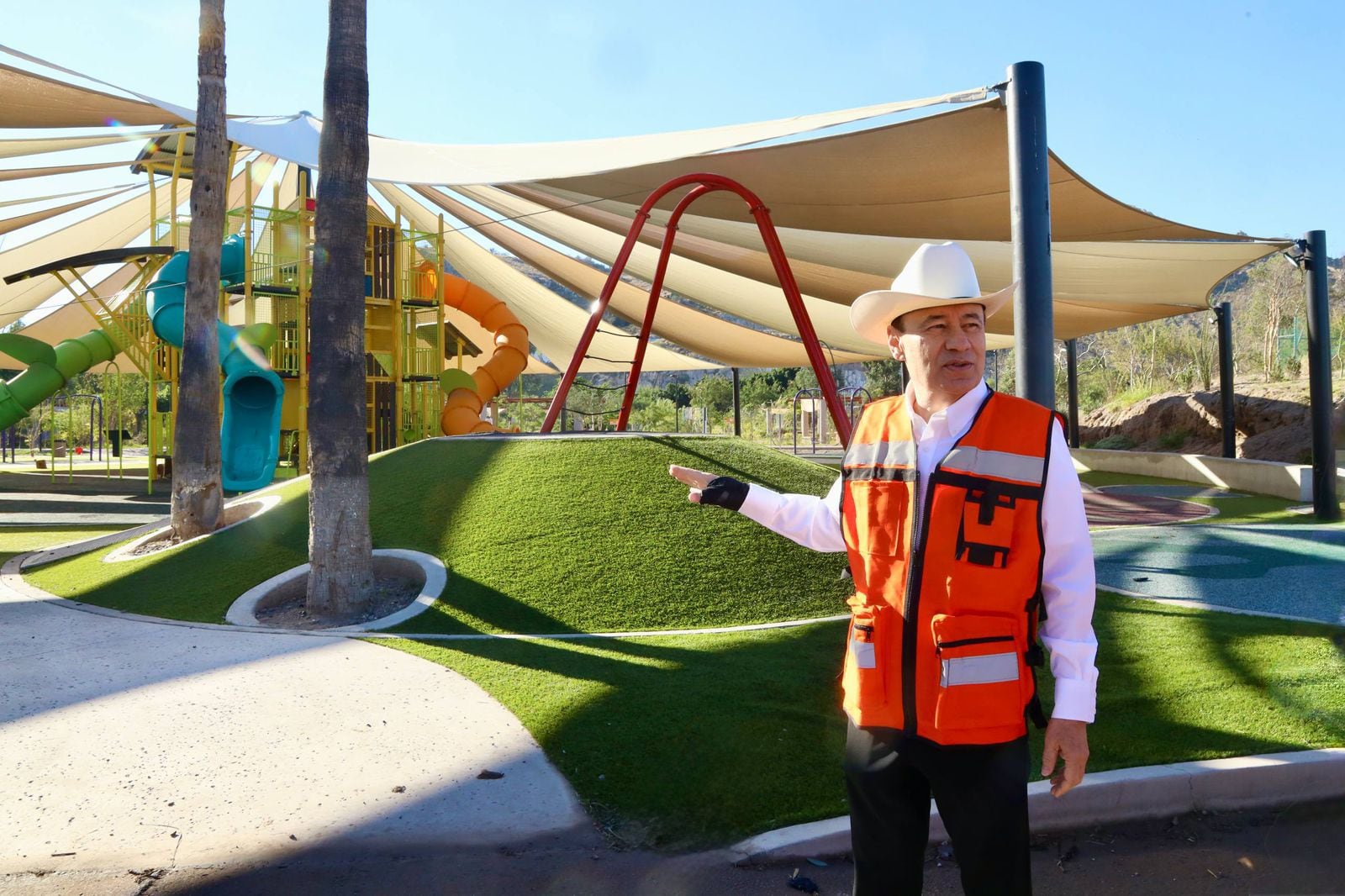 Gobernador Alfonso Durazo supervisa avance en La Burbuja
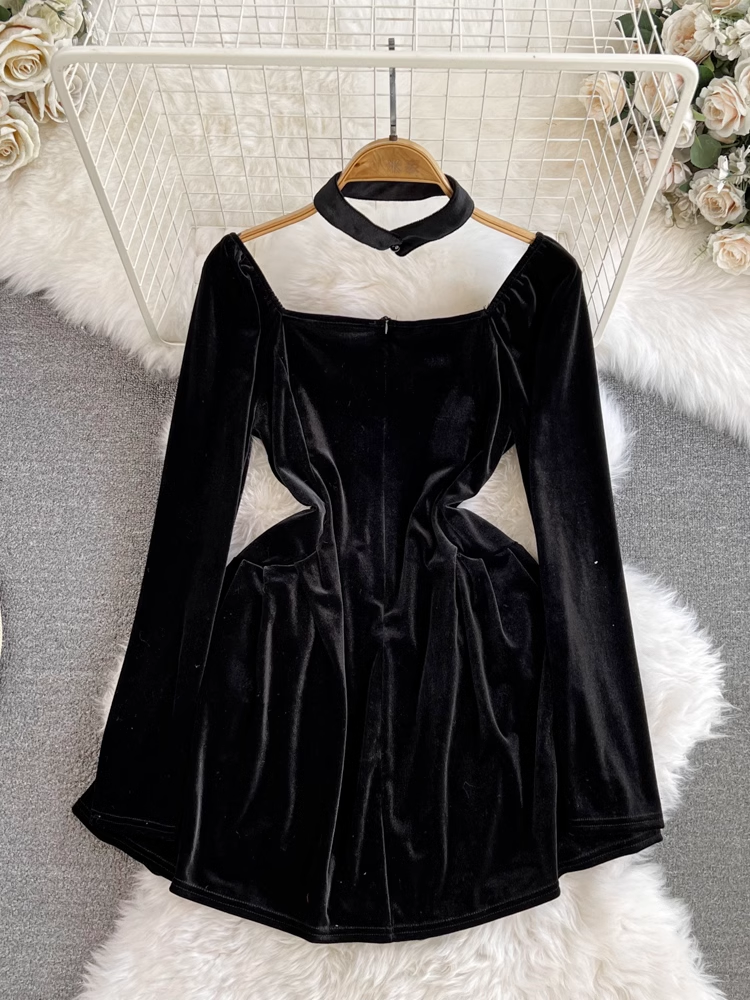 - Black velvet square neck A-line dress GEU996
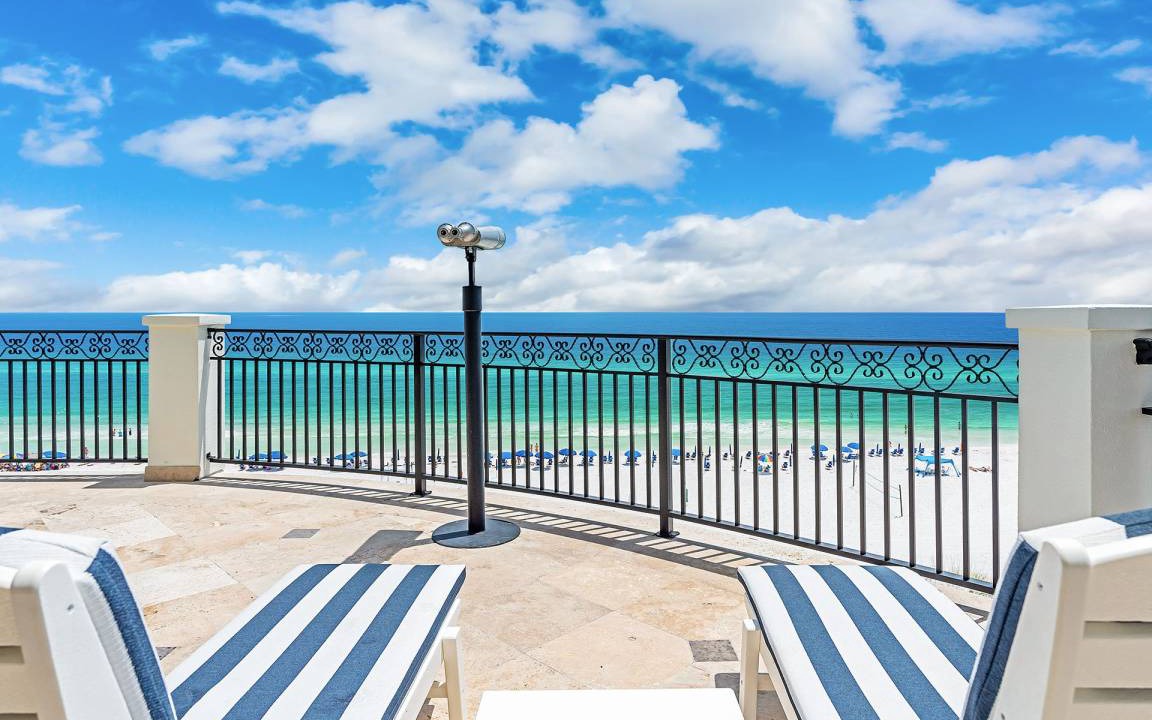 Crystal Beach House | 1236 m² House ∙ 12 bedrooms ∙ 25 guests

* **Required work**:
Copy the material exactly. Do not include the pictures.

* **Answer area**:
 Gobernador Alfonso Durazo supervisa avance en La Burbuja
 - Black velvet square neck A-line dress GEU996
 Crystal Beach House | 1236 m² House ∙ 12 bedrooms ∙ 25 guests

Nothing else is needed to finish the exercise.